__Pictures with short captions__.
_ _ _

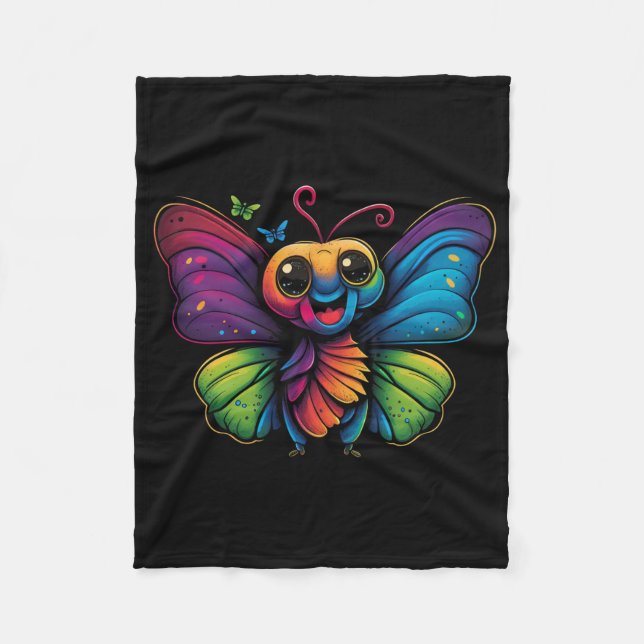 Ein Regenbogenschmetterling Fleecedecke (Vorderseite)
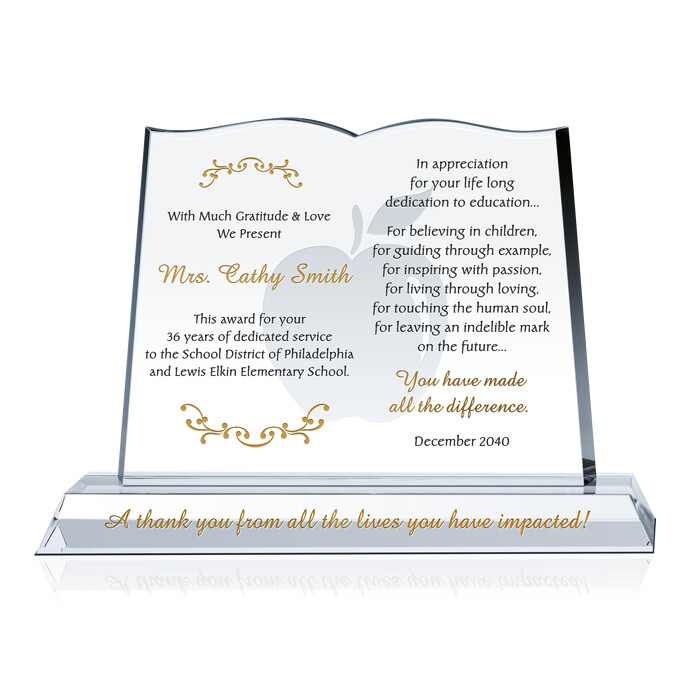 Crystal Book Shaped Award for Teachers | DIY Awards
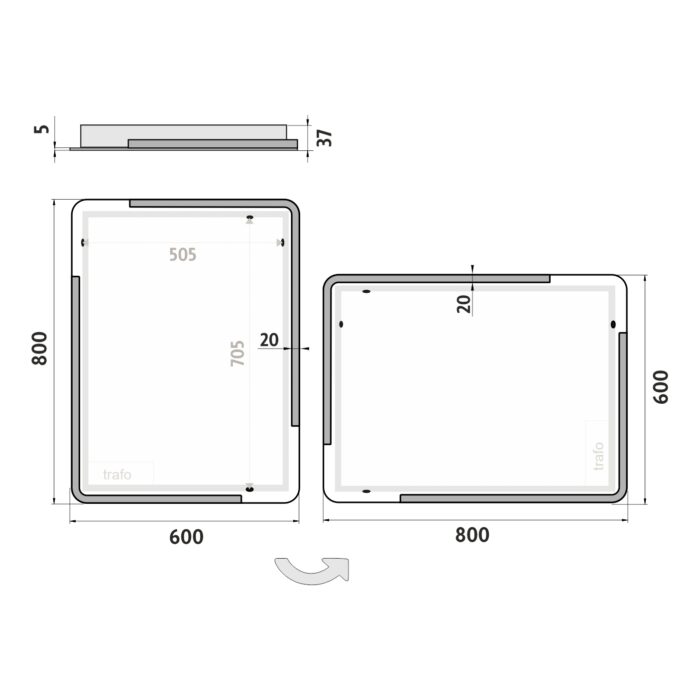 Nimco LED zrcadlo 600x800 - Image 7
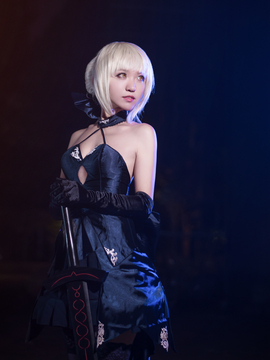 《Fate stay night》saber小礼服 C O S P L A Y_FateGrand Order 黑saber 满破 (8)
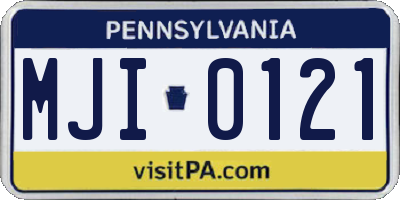 PA license plate MJI0121
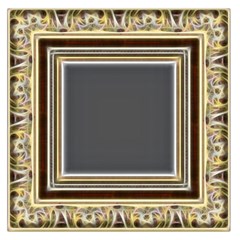 Fractal Classic Baroque Frame Large Satin Scarf (square) by Simbadda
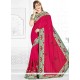 Faux Chiffon Rani Patch Border Work Saree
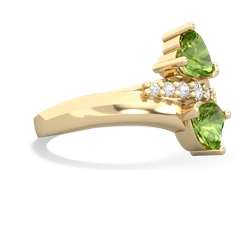 Peridot Heart To Heart 14K Yellow Gold ring R2064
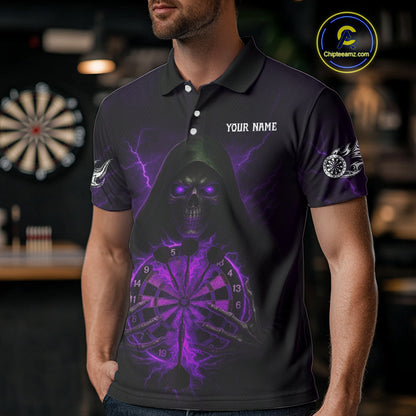 Custom Lightning Purple Bone Skeleton Dartboard Dart Men Polo Jerseys Dart Shirt Gifts NYN1650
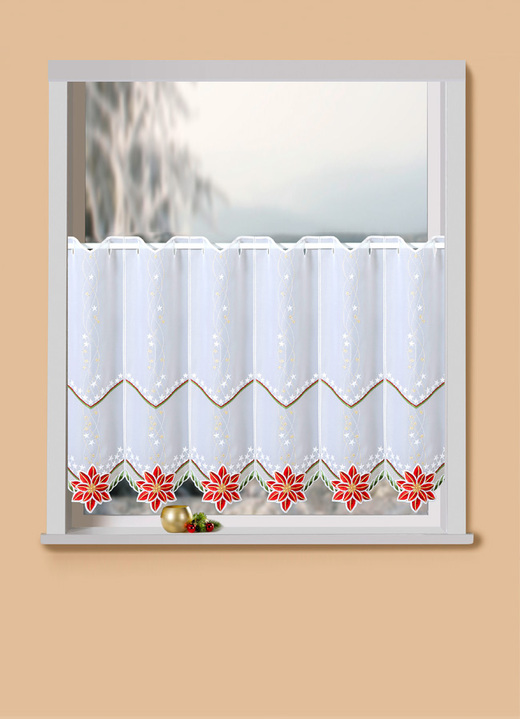 Korta gardiner - Kort persienn med blommig julstjärna, i storlek 825 (H35xB 95 cm) till 862 (H55xW160 cm), i färg VIT RÖD Utsikt 1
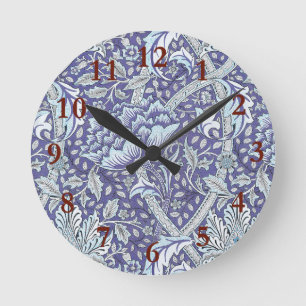 Reloj Redondo Mediano William Morris Windrush patrón floral azul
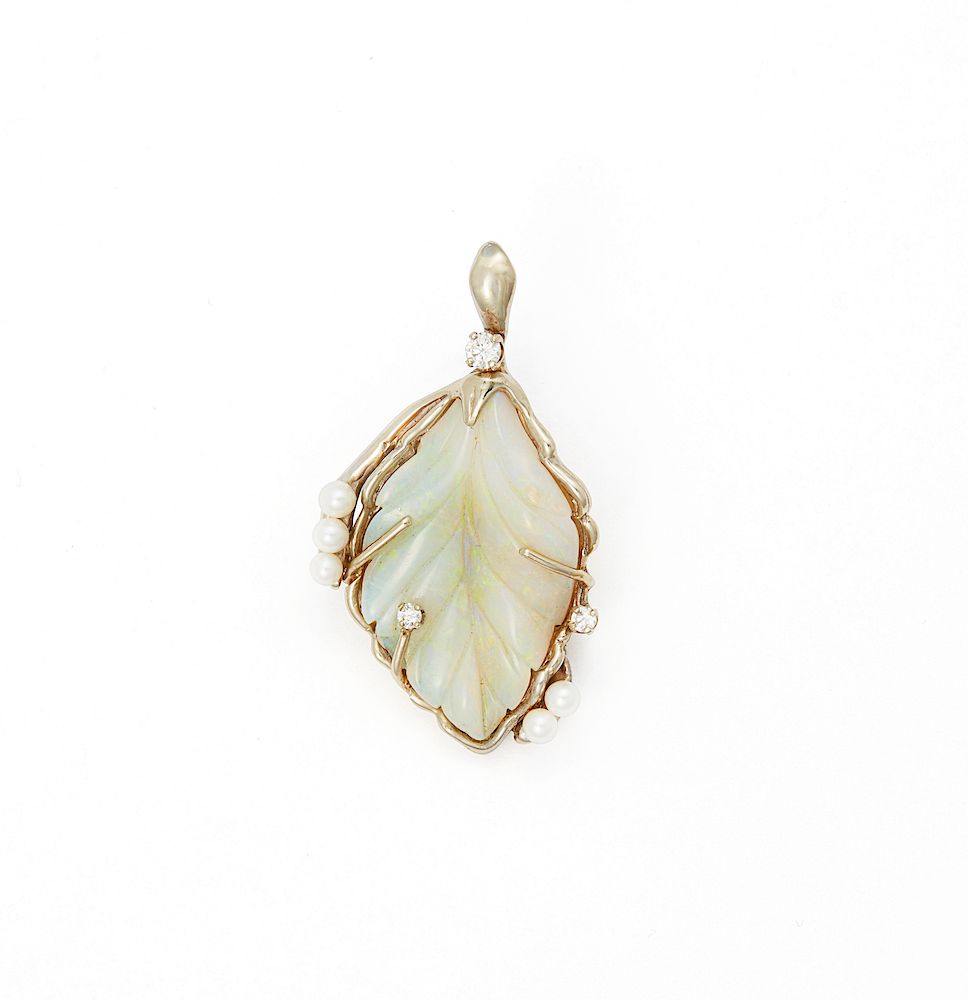 Appraisal: k Opal Diamond Pearl Pendant Ladys' k opal diamond pearl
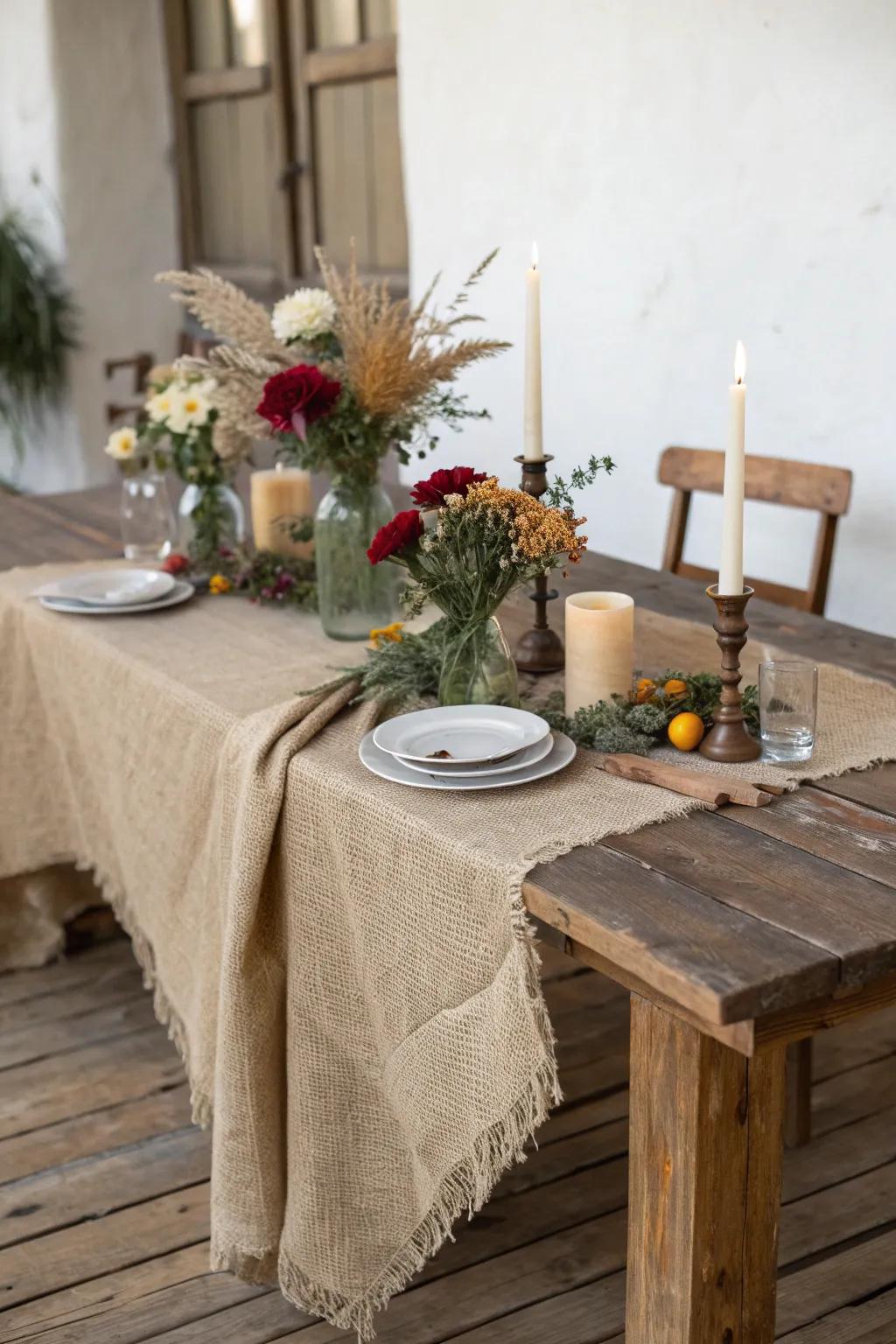 Create rustic wedding vibes with the simple elegance of burlap tablecloths, candlelight, and floral charm.
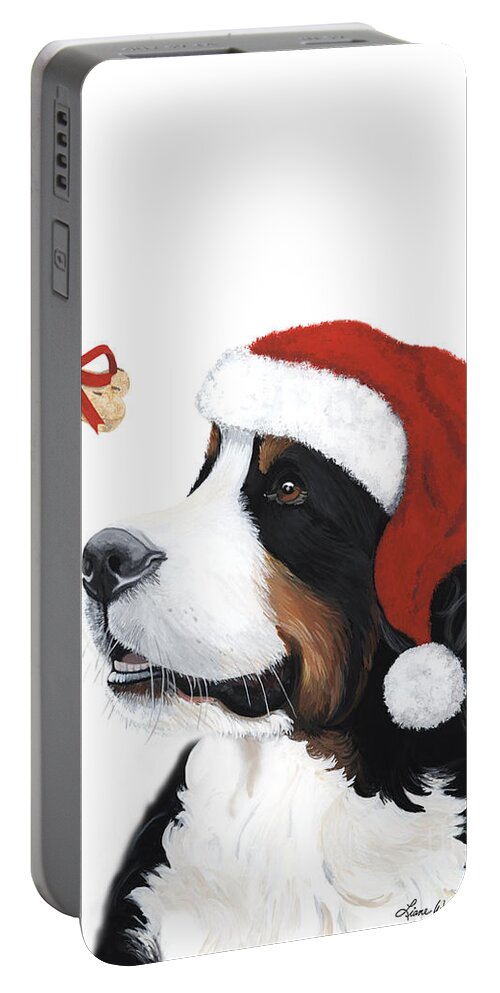 Bernese Mountain Dog Portable Battery Charger featuring the painting Smile its Christmas by Liane Weyers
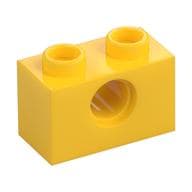 Technic Brick 1 x 2 [1 Pin Hole] em Amarelo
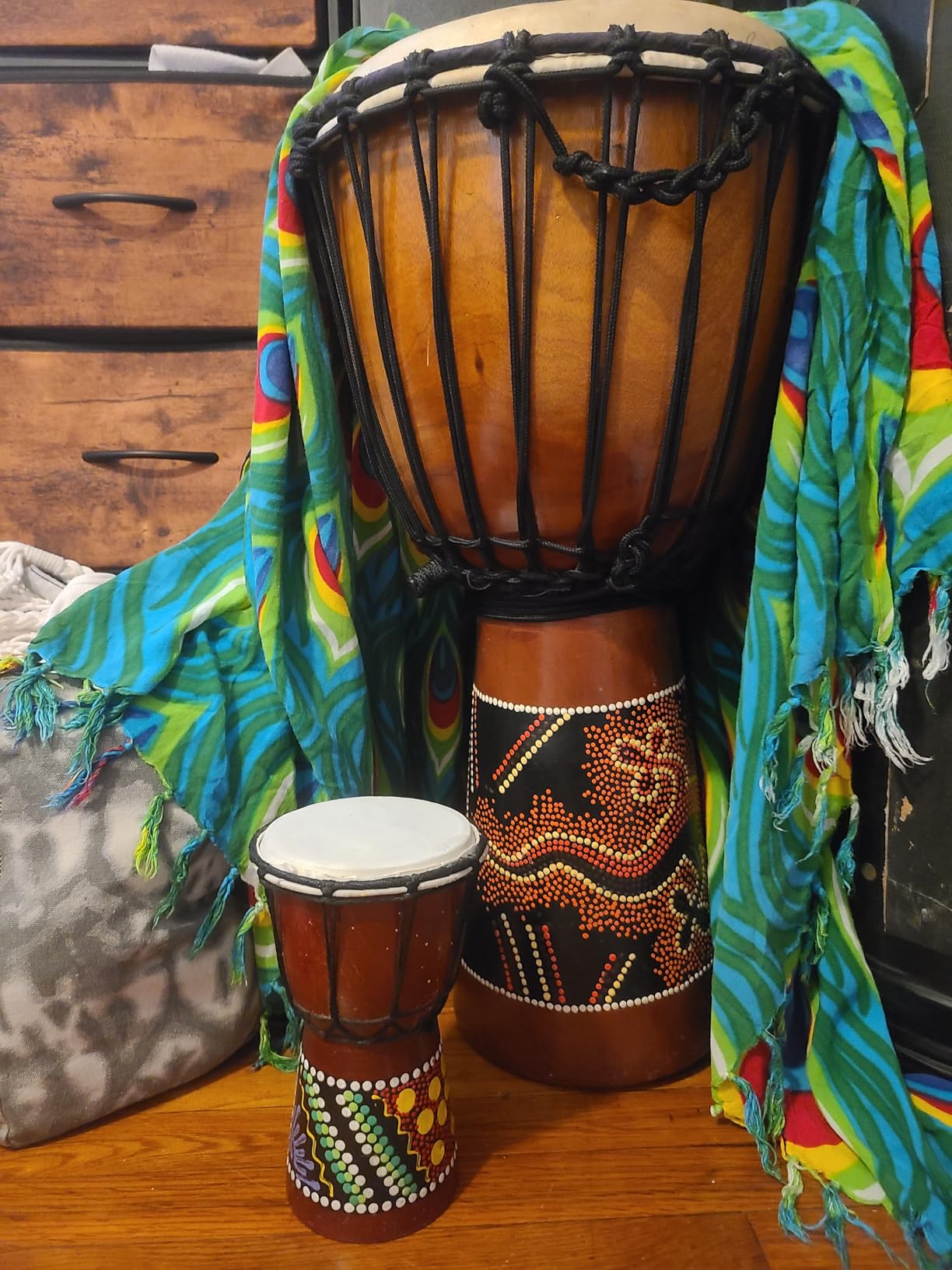 Wood Djembe Drum, 8.5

_ _ _

__TASK DESCRIPTION__.
In the transcription, every picture is to be excluded and the records above given again exactly.

__ANSWER BOX__.
 Ein Regenbogenschmetterling Fleecedecke (Vorderseite)
 Crystal Book Shaped Award for Teachers | DIY Awards
 Nimco LED zrcadlo 600x800 - Image 7
 《Fate stay night》saber小礼服 C O S P L A Y_FateGrand Order 黑saber 满破 (8)
 PA license plate MJI0121
 Fractal Classic Baroque Frame Large Satin Scarf (square) by Simbadda
 Faux Chiffon Rani Patch Border Work Saree
 Peridot Heart To Heart 14K Yellow Gold ring R2064
 Custom Lightning Purple Bone Skeleton Dartboard Dart Men Polo Jerseys Dart Shirt Gifts NYN1650
 Korta gardiner - Kort persienn med blommig julstjärna, i storlek 825 (H35xB 95 cm) till 862 (H55xW160 cm), i färg VIT RÖD Utsikt 1
 Reloj Redondo Mediano William Morris Windrush patrón floral azul
 Appraisal: k Opal Diamond Pearl Pendant Ladys' k opal diamond pearl
 Create rustic wedding vibes with the simple elegance of burlap tablecloths, candlelight, and floral charm.
 Bernese Mountain Dog Portable Battery Charger featuring the painting Smile its Christmas by Liane Weyers
 Technic Brick 1 x 2 [1 Pin Hole] em Amarelo
 Wood Djembe Drum, 8.5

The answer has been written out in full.